Now the tough part. The price is around Rs 100 to Rs 125 per 20 kgs. This ’20 kg business’,I suspect,goes back to the Kucha Maund of twenty seers. Farmers have to deliver the potatoes to the factory all by themselves and bear the cost of labour,grading,packing bags (Bardana) and lugging the stuff. The cost amounts to about eight to ten percent of the price they get and no farmer likes to shell out that much.

Size matters too. McCain doesn’t buy potatos if these are less than an inch and two thirds of an inch in size.
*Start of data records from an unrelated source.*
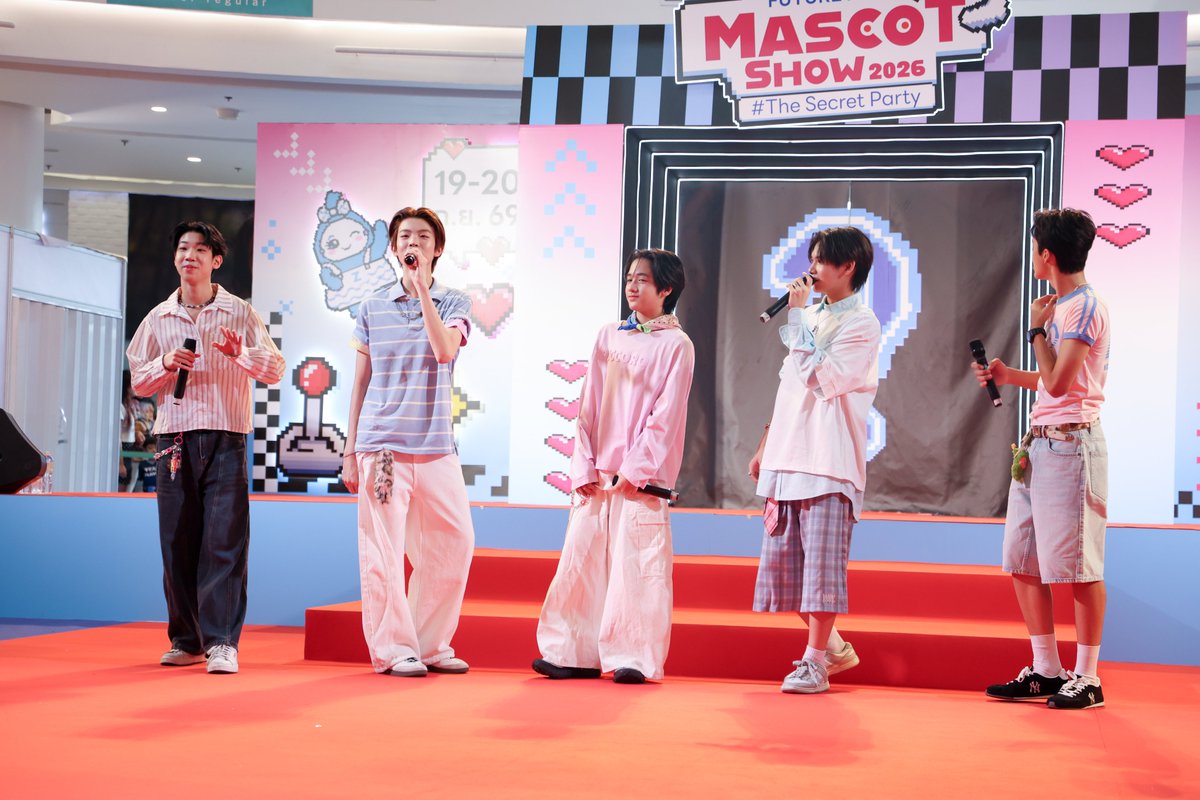 futurepark's tweet photo. 🎤🔥 SLAMDUCK บุกเวที FUTURE PARK MASCOT SHOW 2026!
#FutureParkMascotShow2026 #TheSecretParty #SLAMDUCK #FutureParkAndZpell #FutureparkXSlamduck https://t.co/G791fVPQKJ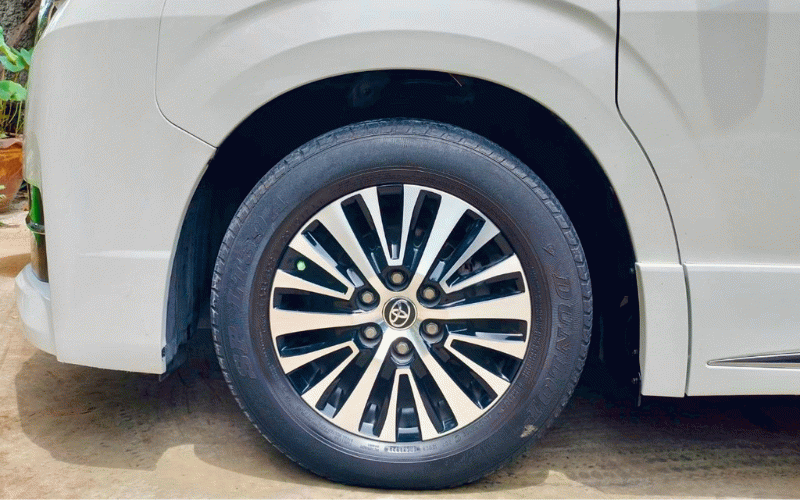 ภาพ5 โตโยต้า มาเจสตี้ 2.8 PREMIUM ปี 2020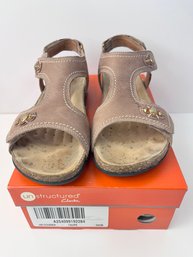 Clarks Unstructured Sandals 8m. *Local Pick Up Only*
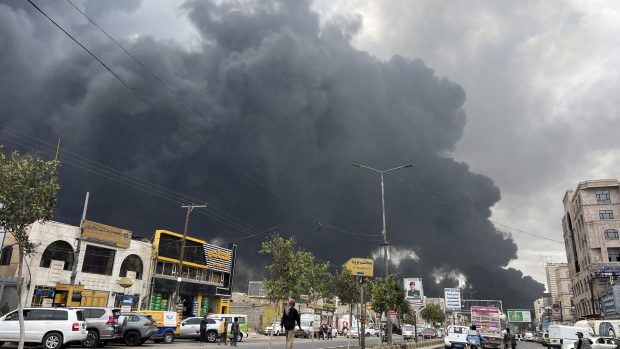 Armata israeliană a lovit aeroportul din Sanaa, capitala Yemenului. Cel puțin trei oameni au murit, iar rebelii Houthi au promis că vor răspunde atacului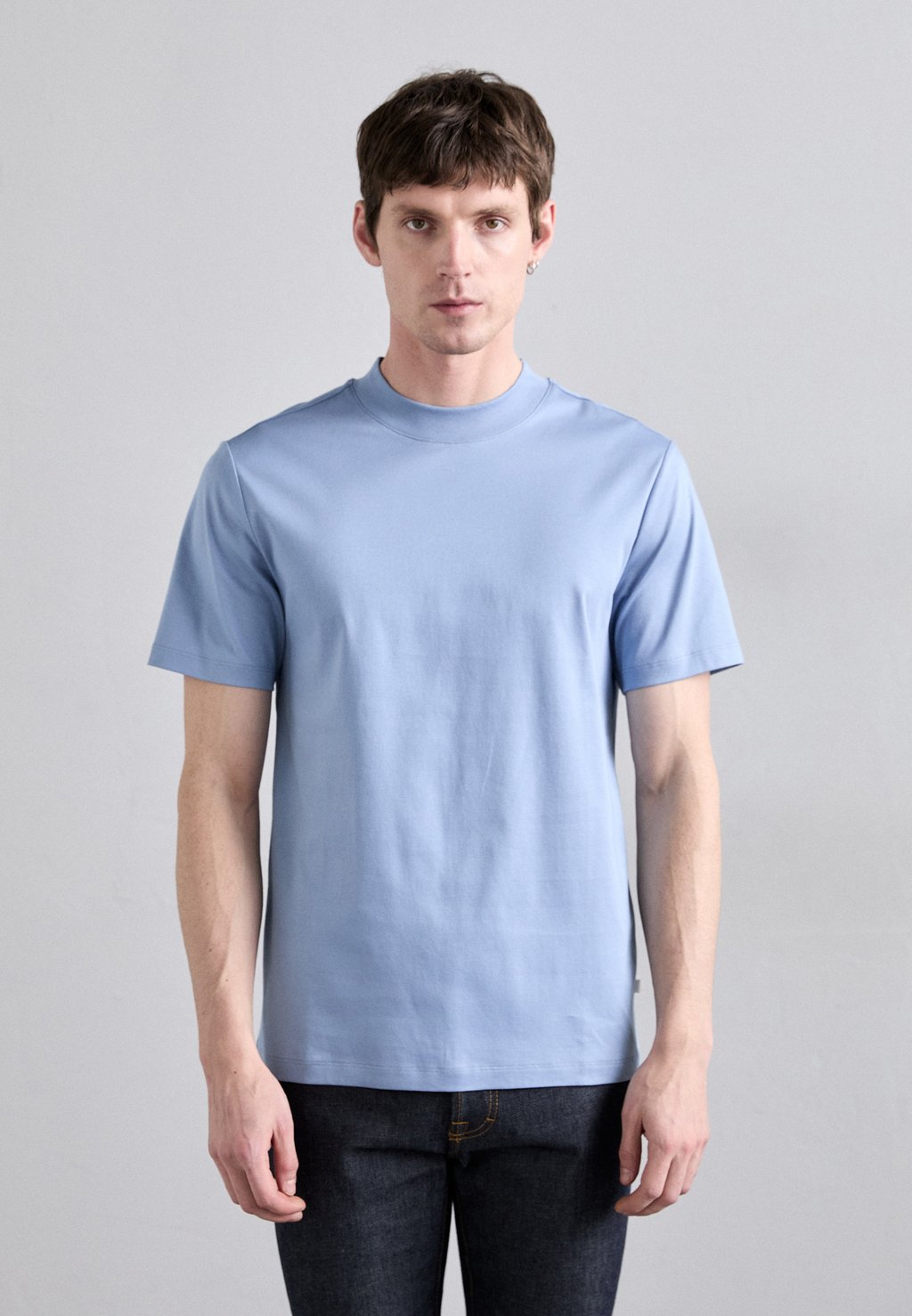 

Базовая футболка ACE MOCK NECK J.LINDEBERG, светло-голубой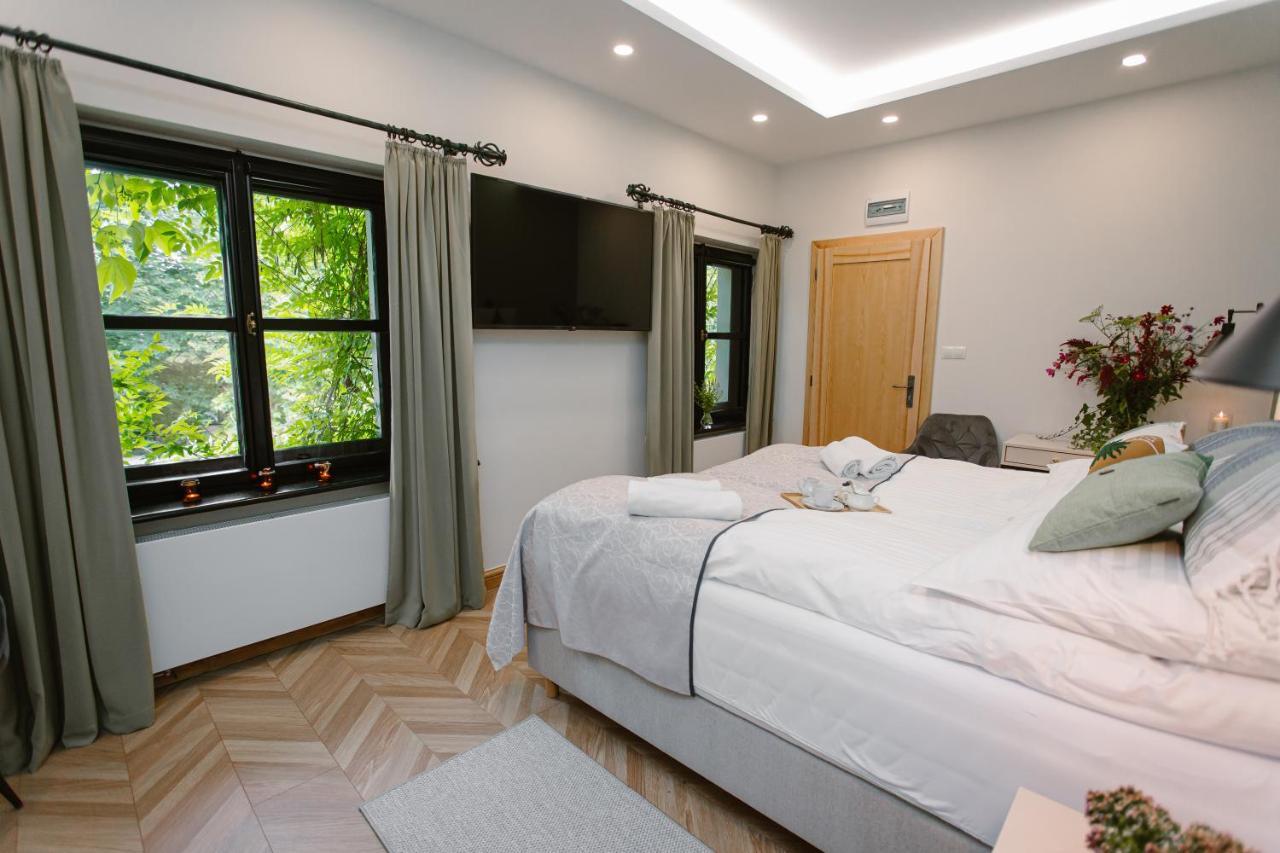 Dom W Starym Parku Hotel Biskupice  Luaran gambar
But the kisan is not unhappy as he produces around forty tonnes a hectare.

Once McCain came in,others were bound to follow. That is the way Schumpeter dada said it happens. Innovators are followed by imitators. Potatoes are eaten by the ‘Global housewife’s family buying McCain wedges’ from a supermarket and then there are Aloo Ki Tikkis and Batata Bhajias and Batata Nu Saaag with Khichri,not to mention the now waning “jab tak rahe ga samose me aloo”. A young one is planning a shop called Books and Bhajias.

The non-McCain farmers in north Gujarat grow Badshah,Pokhraj and Manli potatoes. Yield and rates are almost like the McCain varieties but the Badshah is the king. The contract,as any economist will tell you,depends on the contract price and the market rate. The farmer will trade if he can. Last year he did. Will he future? Silence.